# GPS Karten für Teneriffa



## Docker (5. Juli 2010)

High leute,

da ich in den nächsten Wochen nach Teneriffa fliege, suche ich dringend ein paar Tips.
Vor allem gehts um Tagesausflüge per MTB oder zu Fuß.
Ideal wären natürlich Routen für mein Garmin GPS.
Leider find ich keine brauchbaren karten!
Die Karte von OpenStreetMap ist nicht so der bringer, irgendwie fehlen da die Details

Ach so, Standort ist bei Los Gigantes, wäre schön wenn´s etwas in der Nähe gibt.
Hab aber auch einen Citroen Berlingo als Mietwagen, in den bring ich unsere Räder rein, wenn´s mal in den oberen Teil von Teneriffa gehen soll.

Gruß Doc

P.S. Klar, hab ich die Suche bemüht!
Aber den ganzen "Snake" + "Snake reloaded" wollte ich doch nicht komplett durchlesen!


----------



## andy01 (5. Juli 2010)

schau mal hier rein vielleicht findest du da was!!!

grüße


----------



## MTB-News.de




----------



## tiroler1973 (6. Juli 2010)

Vielleicht: http://www.elsinga.net/maps.html


----------



## Loserharro (30. September 2010)

Hallo Doc vieleicht ein wenig spät, aber hier ein Link wo man eine Topo Karte Teneriffa bekommt. Ist sehr gut. Trails findest du massig im netz http://www.megaupload.com/?d=3GIJG2OO Tips und Tricks und das bBeste im Sueden sagen dir die Jungs vom Bikepoint El Medano http://www.medanobike.com/de/home.html viel Spass, Harro


----------



## rayc (1. Oktober 2010)

Lange Zeit war die  Topo Hispania fyr Garmin die Beste Karte, aber das hat sich geändert!

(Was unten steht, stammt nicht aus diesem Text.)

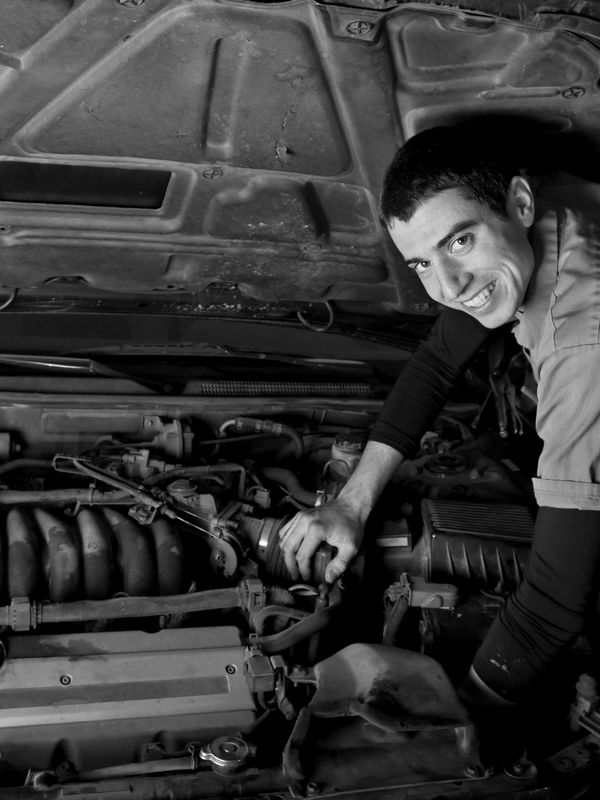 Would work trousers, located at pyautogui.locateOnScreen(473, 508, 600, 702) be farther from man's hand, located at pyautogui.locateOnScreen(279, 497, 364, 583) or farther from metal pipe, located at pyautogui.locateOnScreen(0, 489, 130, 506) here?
metal pipe, located at pyautogui.locateOnScreen(0, 489, 130, 506)

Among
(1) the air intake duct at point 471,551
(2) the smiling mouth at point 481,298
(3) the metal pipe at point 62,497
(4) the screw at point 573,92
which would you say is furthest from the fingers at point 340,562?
(4) the screw at point 573,92

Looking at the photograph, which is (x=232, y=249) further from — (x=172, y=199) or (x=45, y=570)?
(x=45, y=570)

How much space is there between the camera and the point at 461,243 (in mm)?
1686

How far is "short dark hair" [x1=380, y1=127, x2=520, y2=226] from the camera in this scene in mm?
1654

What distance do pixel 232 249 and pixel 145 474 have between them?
658mm

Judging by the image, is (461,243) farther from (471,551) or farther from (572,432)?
(471,551)

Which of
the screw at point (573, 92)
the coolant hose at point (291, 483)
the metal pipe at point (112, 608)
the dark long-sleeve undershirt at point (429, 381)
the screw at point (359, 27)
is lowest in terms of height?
the coolant hose at point (291, 483)

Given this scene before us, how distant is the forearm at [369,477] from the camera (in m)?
2.06

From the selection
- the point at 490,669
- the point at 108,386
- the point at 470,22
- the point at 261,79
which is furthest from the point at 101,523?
the point at 470,22

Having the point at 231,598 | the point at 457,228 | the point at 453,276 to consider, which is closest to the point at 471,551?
the point at 231,598

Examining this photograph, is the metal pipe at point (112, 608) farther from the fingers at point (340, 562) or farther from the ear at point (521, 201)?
the ear at point (521, 201)

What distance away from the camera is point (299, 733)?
1.54 meters

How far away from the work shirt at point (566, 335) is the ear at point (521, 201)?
0.02 metres

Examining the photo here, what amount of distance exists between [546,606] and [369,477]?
2.05ft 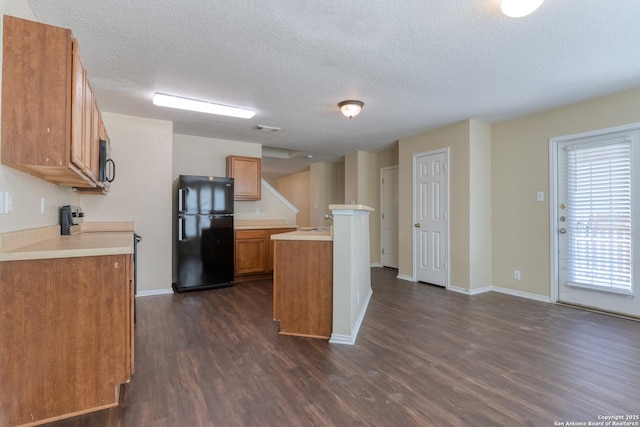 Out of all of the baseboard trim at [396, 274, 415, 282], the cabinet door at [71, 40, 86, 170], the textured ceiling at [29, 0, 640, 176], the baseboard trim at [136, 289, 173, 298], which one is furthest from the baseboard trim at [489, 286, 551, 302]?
the cabinet door at [71, 40, 86, 170]

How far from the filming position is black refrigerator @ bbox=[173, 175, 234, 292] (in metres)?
4.37

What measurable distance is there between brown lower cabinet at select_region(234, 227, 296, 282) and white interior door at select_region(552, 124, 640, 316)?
4.04 m

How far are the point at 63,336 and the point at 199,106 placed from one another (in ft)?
8.93

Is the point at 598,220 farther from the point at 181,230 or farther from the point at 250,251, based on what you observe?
the point at 181,230

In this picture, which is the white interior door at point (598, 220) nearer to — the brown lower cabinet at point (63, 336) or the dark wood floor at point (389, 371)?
the dark wood floor at point (389, 371)

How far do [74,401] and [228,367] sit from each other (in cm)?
87

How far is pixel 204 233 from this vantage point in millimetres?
4484

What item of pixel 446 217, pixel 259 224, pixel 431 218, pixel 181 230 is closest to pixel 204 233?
pixel 181 230

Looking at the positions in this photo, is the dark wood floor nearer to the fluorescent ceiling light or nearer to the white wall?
the white wall

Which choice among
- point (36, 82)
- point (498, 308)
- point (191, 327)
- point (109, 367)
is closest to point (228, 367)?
point (109, 367)

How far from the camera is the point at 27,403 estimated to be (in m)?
1.59

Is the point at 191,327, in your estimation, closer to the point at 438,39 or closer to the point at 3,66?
the point at 3,66

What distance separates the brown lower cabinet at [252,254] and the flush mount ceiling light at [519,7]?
420 cm

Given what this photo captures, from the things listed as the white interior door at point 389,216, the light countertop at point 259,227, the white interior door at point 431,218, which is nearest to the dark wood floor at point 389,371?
the white interior door at point 431,218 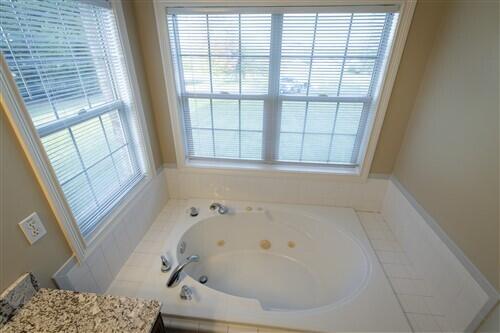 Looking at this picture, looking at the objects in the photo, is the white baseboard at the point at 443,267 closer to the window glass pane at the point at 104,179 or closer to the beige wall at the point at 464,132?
the beige wall at the point at 464,132

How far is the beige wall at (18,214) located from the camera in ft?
2.79

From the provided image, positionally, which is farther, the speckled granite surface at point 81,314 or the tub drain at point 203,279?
the tub drain at point 203,279

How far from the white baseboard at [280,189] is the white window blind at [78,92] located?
61 cm

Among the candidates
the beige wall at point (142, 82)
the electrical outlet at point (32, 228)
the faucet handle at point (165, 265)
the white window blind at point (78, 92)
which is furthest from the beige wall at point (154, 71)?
the electrical outlet at point (32, 228)

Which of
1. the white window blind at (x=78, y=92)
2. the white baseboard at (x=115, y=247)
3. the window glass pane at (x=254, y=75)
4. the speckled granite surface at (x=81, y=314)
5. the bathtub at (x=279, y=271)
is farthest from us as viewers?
the window glass pane at (x=254, y=75)

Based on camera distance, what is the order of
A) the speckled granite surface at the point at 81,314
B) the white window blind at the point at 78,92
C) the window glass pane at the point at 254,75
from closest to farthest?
the speckled granite surface at the point at 81,314, the white window blind at the point at 78,92, the window glass pane at the point at 254,75

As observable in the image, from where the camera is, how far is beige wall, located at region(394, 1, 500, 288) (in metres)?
1.04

Inzwischen ist OSM die Karte mit der besten Abdeckung, zumindest in Tenerife!

www.openmtbmap.org wäre z.B. eine Möglichkeit OSM-Daten auf dein Garmin zu bringen.

Auf den anderen Kanaren Inseln sieht es dabei in OSM noch nicht so gut aus. Aber der Stand auf Tenerifa ist beieindruckend! 

Ray


----------



## rayc (1. Oktober 2010)

Wegen Touren:

Vergiss den Bikepoint El Medano un den ganzan Süden, nach den Sprüchen aus El Medano habe ich mir das ganz mal März 2009 angeschaut.

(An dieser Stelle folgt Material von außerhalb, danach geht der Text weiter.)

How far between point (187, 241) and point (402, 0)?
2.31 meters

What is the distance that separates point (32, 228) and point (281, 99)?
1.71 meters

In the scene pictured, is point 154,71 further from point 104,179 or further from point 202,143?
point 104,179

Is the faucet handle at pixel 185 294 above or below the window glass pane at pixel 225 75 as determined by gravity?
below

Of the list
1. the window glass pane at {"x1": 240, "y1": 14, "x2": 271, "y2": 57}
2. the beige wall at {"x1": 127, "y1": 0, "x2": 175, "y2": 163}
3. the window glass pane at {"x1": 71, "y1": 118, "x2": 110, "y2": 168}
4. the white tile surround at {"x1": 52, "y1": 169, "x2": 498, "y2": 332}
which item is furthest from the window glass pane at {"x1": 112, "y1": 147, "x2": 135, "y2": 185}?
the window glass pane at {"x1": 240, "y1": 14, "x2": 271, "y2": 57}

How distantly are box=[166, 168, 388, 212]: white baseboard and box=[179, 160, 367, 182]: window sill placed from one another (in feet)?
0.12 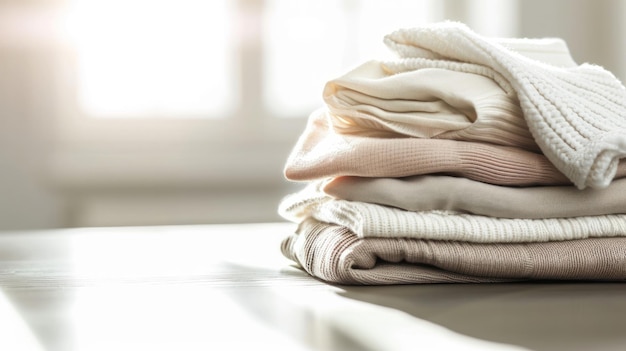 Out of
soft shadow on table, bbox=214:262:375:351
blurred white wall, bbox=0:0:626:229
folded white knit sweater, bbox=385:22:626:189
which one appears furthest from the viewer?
blurred white wall, bbox=0:0:626:229

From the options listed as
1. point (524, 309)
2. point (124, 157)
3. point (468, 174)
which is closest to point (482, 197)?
point (468, 174)

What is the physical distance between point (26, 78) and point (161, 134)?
329 mm

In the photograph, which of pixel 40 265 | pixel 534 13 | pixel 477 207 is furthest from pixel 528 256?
pixel 534 13

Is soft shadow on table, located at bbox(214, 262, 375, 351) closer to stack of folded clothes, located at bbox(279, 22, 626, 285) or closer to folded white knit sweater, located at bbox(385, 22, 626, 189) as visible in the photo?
stack of folded clothes, located at bbox(279, 22, 626, 285)

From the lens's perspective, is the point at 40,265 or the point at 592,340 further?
the point at 40,265

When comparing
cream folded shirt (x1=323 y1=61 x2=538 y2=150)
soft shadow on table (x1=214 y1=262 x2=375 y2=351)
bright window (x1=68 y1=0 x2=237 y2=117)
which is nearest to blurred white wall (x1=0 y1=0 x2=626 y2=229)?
bright window (x1=68 y1=0 x2=237 y2=117)

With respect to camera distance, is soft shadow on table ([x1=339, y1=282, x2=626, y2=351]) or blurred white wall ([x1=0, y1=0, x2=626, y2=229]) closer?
soft shadow on table ([x1=339, y1=282, x2=626, y2=351])

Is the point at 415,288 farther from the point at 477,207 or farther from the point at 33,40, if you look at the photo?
the point at 33,40

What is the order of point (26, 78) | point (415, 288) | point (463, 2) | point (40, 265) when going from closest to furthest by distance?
point (415, 288) < point (40, 265) < point (26, 78) < point (463, 2)

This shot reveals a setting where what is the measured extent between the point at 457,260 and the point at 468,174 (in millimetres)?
78

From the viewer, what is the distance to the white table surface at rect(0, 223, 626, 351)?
551mm

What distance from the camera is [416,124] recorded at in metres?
0.79

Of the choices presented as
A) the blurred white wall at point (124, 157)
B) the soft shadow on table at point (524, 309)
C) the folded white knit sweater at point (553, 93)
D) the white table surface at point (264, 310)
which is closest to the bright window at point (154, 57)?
the blurred white wall at point (124, 157)

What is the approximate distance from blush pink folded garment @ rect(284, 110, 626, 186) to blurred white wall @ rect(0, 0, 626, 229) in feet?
4.27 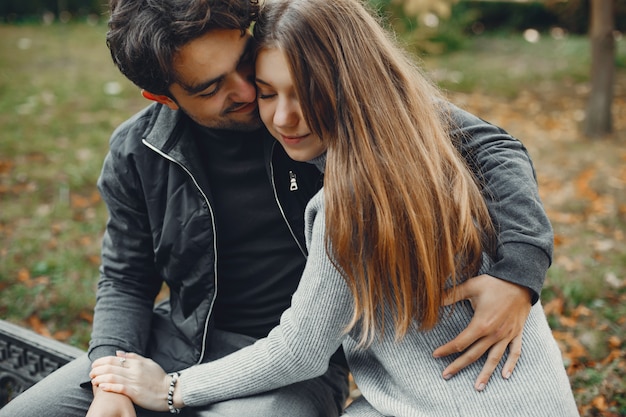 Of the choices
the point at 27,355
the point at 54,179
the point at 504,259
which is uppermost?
the point at 504,259

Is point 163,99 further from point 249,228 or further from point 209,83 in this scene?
point 249,228

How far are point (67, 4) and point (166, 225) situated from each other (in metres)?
14.8

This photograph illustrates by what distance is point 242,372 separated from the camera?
1.88 metres

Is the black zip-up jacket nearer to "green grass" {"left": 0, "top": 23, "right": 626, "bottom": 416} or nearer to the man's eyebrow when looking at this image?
the man's eyebrow

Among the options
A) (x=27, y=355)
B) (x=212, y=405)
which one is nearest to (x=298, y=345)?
(x=212, y=405)

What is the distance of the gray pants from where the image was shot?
192cm

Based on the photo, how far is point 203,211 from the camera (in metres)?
2.12

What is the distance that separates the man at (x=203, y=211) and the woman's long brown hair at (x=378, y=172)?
0.69ft

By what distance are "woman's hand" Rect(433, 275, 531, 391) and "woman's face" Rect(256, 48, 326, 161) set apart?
59cm

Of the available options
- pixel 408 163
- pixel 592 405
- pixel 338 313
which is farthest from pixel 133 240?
pixel 592 405

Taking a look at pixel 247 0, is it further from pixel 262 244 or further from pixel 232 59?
pixel 262 244

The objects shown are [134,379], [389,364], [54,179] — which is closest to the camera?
[389,364]

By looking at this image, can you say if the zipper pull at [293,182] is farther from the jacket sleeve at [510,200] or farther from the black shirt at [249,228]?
the jacket sleeve at [510,200]

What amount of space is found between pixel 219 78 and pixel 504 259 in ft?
3.28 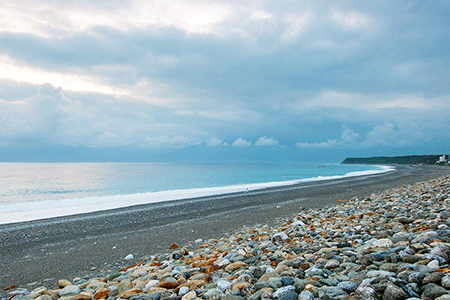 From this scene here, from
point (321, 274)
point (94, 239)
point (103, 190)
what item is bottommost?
point (94, 239)

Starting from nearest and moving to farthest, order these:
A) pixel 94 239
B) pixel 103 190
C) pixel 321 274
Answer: pixel 321 274 < pixel 94 239 < pixel 103 190

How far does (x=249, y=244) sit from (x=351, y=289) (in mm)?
3582

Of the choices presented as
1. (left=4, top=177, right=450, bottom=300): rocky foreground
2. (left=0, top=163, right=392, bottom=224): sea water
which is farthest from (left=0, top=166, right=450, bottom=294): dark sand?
(left=0, top=163, right=392, bottom=224): sea water

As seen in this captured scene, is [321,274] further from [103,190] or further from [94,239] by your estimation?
[103,190]

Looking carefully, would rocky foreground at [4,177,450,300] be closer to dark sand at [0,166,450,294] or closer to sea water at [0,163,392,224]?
dark sand at [0,166,450,294]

Vergiss den Süden einfahc, da macht Biken kein Spass!

Die Bikereviere auf Teneriffa sind im Norden;
Anaga
Oratavatal und die Canadas
Das Tenno ist leider inzwischen mit Verbotsschildern zugepflastert.
Im nationalpark rund um den Teide war Biken noch nie erlaubt, als o hie rbraf auf der Strasse bleiben , ansonsten wir des teuer.

Wenn du über eine Bikestation gehen willst, dann gehe zu www.mtb-active.de in Puerto de la Cruz!

Ein sehr guter Tip ist es siich früh morgens an die Busstation in Puerto de la Cruz zu stellen. Die Locals shutteln mit den Linienbus hoch nach El Portilo auf 2000 m Höhe.
Wenn du nett fragst, darfst du dich bei denen dranhängen.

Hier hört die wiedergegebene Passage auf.